Они, ясно, относились к «сливкам» своей профессии – обе молодые, свеженькие, холеные. Их будто намеренно так подобрали – хотя, возможно, это чистая случайность, – чтобы они были разные. Блондинка слева, стройная и даже классически сложенная, поражала длинными ногами и маленькими высокими грудями. А ее товарка, темноволосая и приземистая, привлекла внимание широкими бедрами и крупными, пожалуй, евроазиатскими чертами лица. У блондинки, подметил Смайли, в ушах были серьги в форме якорей, что показалось ему странным, так как, по своему ограниченному знакомству с женщинами, он знал, что они прежде всего снимают серьги. Достаточно было ему заметить, что Энн вышла из дома без серег, и сердце у него падало. Помимо этого, ничего умного сказать про девушек он не мог, а посему, сделав еще один большой глоток чистого виски, перешел к изучению мужчин, на которых – следует признаться – он с самого начала и сосредоточил все свое внимание. Как и девушки, они тоже резко отличались друг от друга, хотя у мужчин – поскольку они были значительно старше – разница проявлялась в глубине натур и в характере. Мужчина, на котором лежала блондинка, был светлый и на первый взгляд туповатый, тогда как тот, которого обвивала брюнетка, казался смуглым, с латинским, по-восточному живым лицом и заразительной улыбкой – единственно приятной особенностью фотографии. Крупный и рыхлый блондин, маленький и веселый брюнет – он мог бы быть шутом при первом, этакий гном с добрым лицом и вихрами над ушами.

Внезапно занервничав – оглядываясь назад, это можно было бы назвать предчувствием, – Смайли занялся прежде блондином. Пора наконец разобраться!

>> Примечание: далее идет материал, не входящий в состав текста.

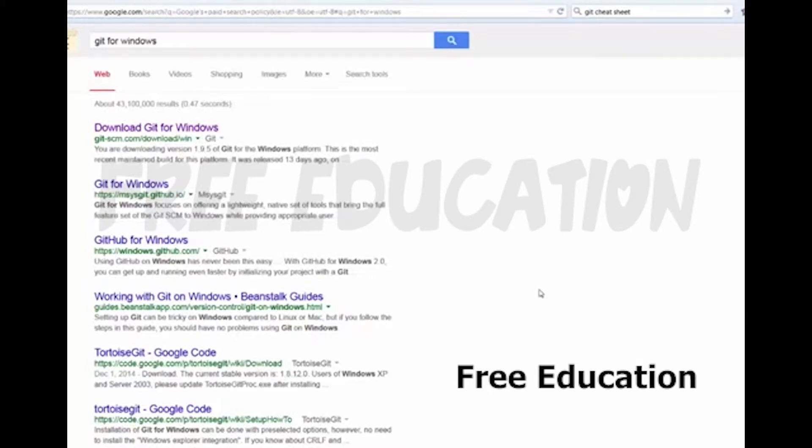Hi Friends! Now we are going to see Git installation video. We're going to download Git.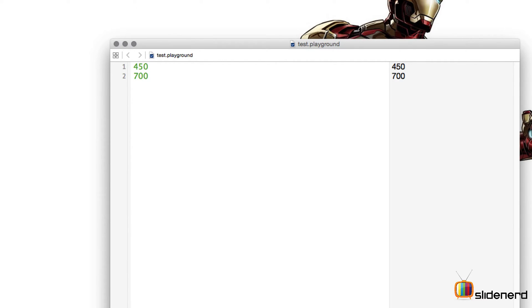Now it's very easy for us to understand and calculate but the computer does not understand this. What you need to do is assign this value 450 to a container which is nothing but a variable. So let's make a container to place this value 450 into it.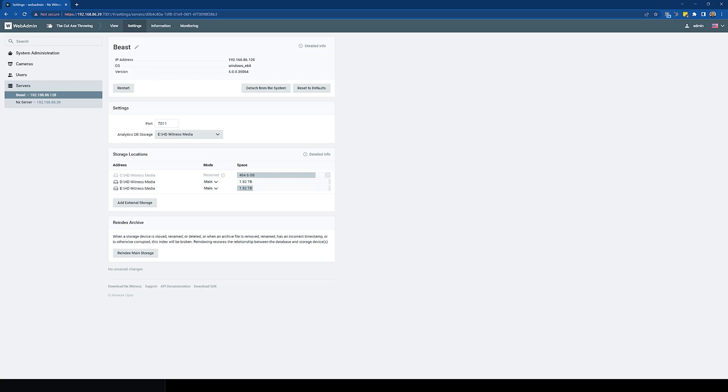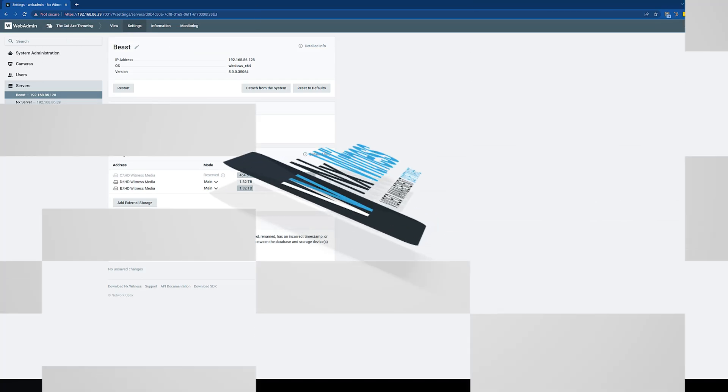So server web admin interface redesign, new in 5.0. Check it out. Give it a look. See what you like and you don't like. Give us feedback. Thanks guys.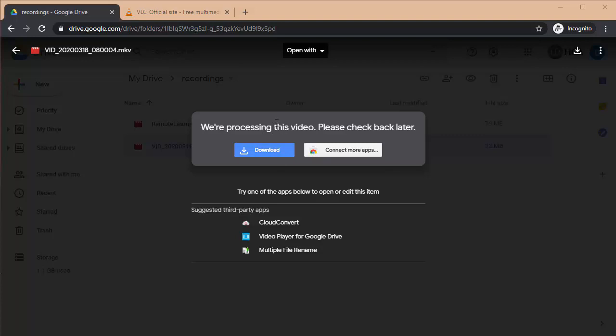Now, if for some reason you download a video and it's not playable on your particular computer—which could happen, there's no guarantee that every computer can play every video format—I have a tip for you.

Мужчина был крупный, но не мускулистый, ноги и руки – могучие, но в них не чувствовалось силы. Светлая кожа и волосы подчеркивали его полноту. Толстыми и некрасивыми руками он обнимал девушку за талию. Медленно ведя лупой по голой груди, Смайли подобрался к голове. К сорока годам, недобро написал какой-то мудрец, лицо человека становится таким, какого он заслуживает. Смайли сомневался в этом. Он знавал поэтические души, обреченные всю жизнь носить ужасную личину, и преступников с ангельскими лицами. Но у этого человека лицо было не из выигрышных, да и аппарат запечатлел не самое приятное его выражение. Что касается характера, то лицо как бы делилось на две половины: нижняя была весело осклаблена, рот широко раскрыт – блондин явно что-то говорил своему приятелю; а на верхней царили два маленьких светлых глаза без единой веселой морщинки вокруг – они смотрели из-под пухлых, как опара, век холодно, без всякого выражения, как глаза младенца. Приплюснутый нос, густые, подстриженные на европейский манер волосы.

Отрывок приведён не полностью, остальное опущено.